本書は『からすたろう』として、作者本人の日本語訳も出版されていたので、図書館などで目にした人も少なくないだろう。

戦前の日本の村の小学校でひとりの「変わった子」と周囲の成長を、ナレーターの目を通して見ていく物語だ。

現在の小学生にも、かつて小学生だった人にも、きっと思い当たる、学校にいる(いた)「変わった子」。そんな子に対してとった態度は、理不尽なものではなかったか。

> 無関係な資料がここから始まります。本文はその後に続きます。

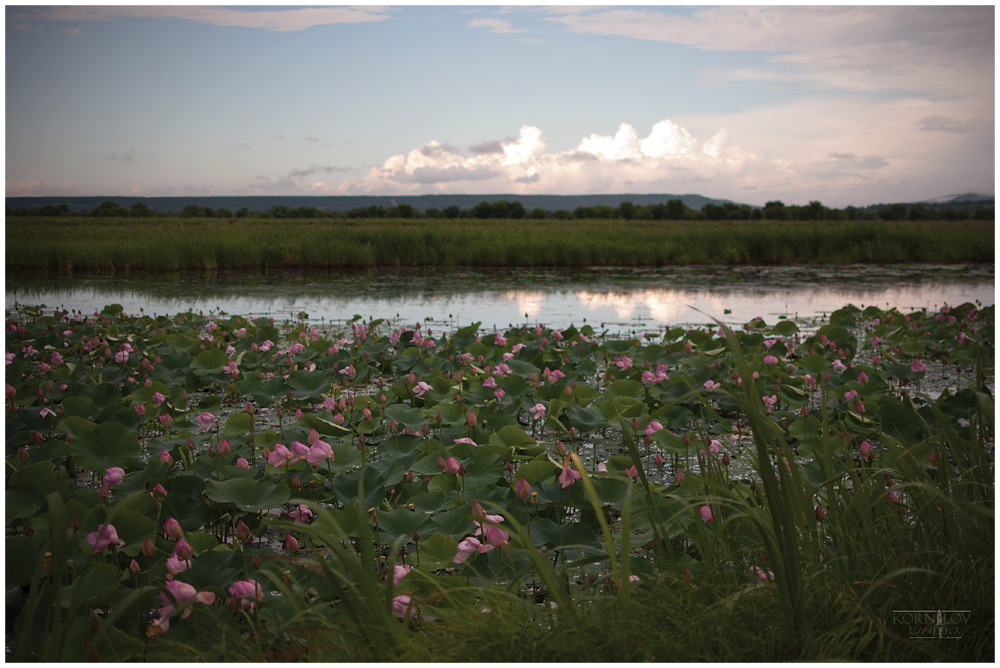 цветут уже, однако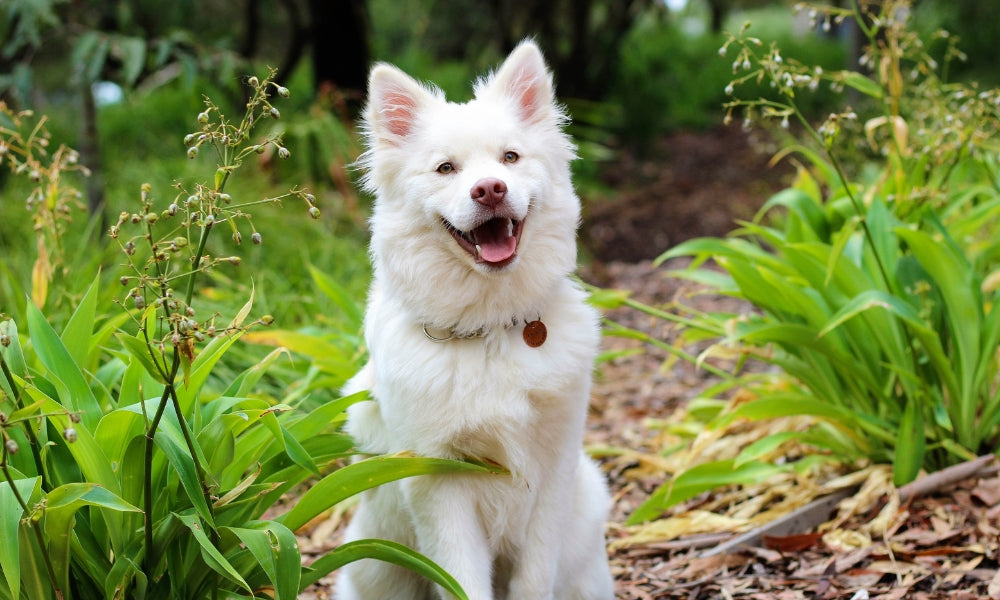 5 Small White Dog Breeds That Make Great Pets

ナレーターの目には、ひとの本質に問いかける力が宿っているようで、読んでいるうちに、自分はどうだったかと心がざわつく。今にも、だれにも通じる普遍的なテーマがあるようだ。

 

カルチャーセンターの受講者たちは、この講座で、字面を「上手な英語」ですらすら読むのを目的としているのではない。その先を目指している。

つまり、文に込められた感情を読み取り(読解し)、自分の声や口調にその感情を乗せて、語るように文字を声にする。

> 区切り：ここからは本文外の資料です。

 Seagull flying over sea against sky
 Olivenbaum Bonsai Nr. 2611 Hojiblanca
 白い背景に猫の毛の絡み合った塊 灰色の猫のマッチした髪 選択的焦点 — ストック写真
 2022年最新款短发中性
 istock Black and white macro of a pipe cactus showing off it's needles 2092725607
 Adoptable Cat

つまり、絵や文字でかかれていることを声にして表現し、聞いている人にかかれている事実や心を伝達するのである。

 

表現すること、この機会は今の日本では本当に少ない。

能面のように無表情で、最小限の言葉を「省エネ」のように最小限の感情だけで平坦にしゃべるひとも多い。うれしいのか、悲しいのか、顔と言葉だけでは分からないこともある。

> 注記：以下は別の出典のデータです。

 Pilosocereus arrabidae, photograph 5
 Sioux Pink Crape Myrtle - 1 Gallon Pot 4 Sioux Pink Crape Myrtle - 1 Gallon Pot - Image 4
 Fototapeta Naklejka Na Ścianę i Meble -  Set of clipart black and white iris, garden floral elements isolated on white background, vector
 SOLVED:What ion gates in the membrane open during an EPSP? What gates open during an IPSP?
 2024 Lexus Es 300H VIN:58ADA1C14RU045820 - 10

カルチャーセンターでのリードアラウドは、大人にとっては一種の「芸事」でもあるが、それは物語として描かれた文字から読み取った感情を、英語に乗せて表現するという表現の場でもある。

この「場」だが、受講者を見ていると、どうも芸が磨かれるだけでなく、精神衛生的によろしいような。

みなさんのいい表情を見ていると、そんな気がする。